YLKI mencontohkan biaya sewa pesawat (leasing) yang dilakukan maskapai. Ia berkisah, terdapat satu maskapai yang memiliki biaya leasing 20 persen lebih mahal dibanding maskapai lainnya. Hal ini, lanjut dia, terungkap saat dia bertemu Dewan Pertimbangan Presiden (wantimpres) beberapa waktu lalu terkait tarif tiket pesawat terbang.
“Ini kan kesalahan masa lalu dari manajemen maskapai, sehingga inefisiensi ini harusnya tidak dibebankan ke konsumen.
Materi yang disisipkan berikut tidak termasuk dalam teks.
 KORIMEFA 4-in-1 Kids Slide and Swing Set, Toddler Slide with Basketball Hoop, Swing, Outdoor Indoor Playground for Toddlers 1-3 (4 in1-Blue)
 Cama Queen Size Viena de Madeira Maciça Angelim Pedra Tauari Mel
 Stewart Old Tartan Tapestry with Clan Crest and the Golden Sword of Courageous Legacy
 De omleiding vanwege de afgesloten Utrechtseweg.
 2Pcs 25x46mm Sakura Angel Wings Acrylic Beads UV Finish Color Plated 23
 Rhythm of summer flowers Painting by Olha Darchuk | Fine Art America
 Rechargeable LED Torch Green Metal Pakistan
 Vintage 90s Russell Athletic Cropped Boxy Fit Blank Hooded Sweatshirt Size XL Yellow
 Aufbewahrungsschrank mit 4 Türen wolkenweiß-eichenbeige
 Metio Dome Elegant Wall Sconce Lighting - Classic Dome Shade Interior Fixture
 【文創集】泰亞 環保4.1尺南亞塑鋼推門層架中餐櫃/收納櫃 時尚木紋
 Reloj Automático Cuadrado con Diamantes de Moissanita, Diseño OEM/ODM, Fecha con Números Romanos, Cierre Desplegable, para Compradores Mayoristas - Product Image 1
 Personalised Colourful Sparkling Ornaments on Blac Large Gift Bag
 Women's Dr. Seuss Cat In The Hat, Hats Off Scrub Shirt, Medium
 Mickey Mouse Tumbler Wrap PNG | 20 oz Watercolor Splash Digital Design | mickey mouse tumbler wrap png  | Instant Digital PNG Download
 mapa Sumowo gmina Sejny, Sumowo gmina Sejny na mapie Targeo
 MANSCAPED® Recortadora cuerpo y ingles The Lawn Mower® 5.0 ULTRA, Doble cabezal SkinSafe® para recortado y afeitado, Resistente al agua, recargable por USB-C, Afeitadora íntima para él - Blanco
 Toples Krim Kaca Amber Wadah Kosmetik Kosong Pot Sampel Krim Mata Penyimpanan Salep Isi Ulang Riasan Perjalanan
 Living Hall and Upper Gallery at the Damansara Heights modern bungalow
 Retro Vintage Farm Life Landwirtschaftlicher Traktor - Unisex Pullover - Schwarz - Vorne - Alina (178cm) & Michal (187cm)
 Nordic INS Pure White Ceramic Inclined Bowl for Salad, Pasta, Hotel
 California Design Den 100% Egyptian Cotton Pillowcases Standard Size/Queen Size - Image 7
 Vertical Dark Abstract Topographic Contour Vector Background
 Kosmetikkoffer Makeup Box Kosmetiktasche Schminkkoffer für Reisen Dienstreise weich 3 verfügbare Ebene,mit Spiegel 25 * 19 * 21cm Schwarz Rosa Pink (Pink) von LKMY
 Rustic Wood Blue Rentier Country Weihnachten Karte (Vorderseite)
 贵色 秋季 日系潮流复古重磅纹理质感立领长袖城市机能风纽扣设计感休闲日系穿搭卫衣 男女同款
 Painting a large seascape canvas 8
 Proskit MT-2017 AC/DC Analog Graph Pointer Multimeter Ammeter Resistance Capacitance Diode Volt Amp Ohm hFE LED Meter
Memang ini seharusnya dikeluarkan dari komponen tarif tiket pesawat,” jelas Ketua Pengurus Harian YLKI Tulus Abadi
Dilanjutkan, mahalnya tarif pesawat tentu akan menjadi disinsentif bagi konsumen. Hasilnya, semakin sedikit masyarakat yang mau menggunakan jasa transportasi penerbangan. Apalagi, hal ini sudah terbukti beberapa waktu yang lalu.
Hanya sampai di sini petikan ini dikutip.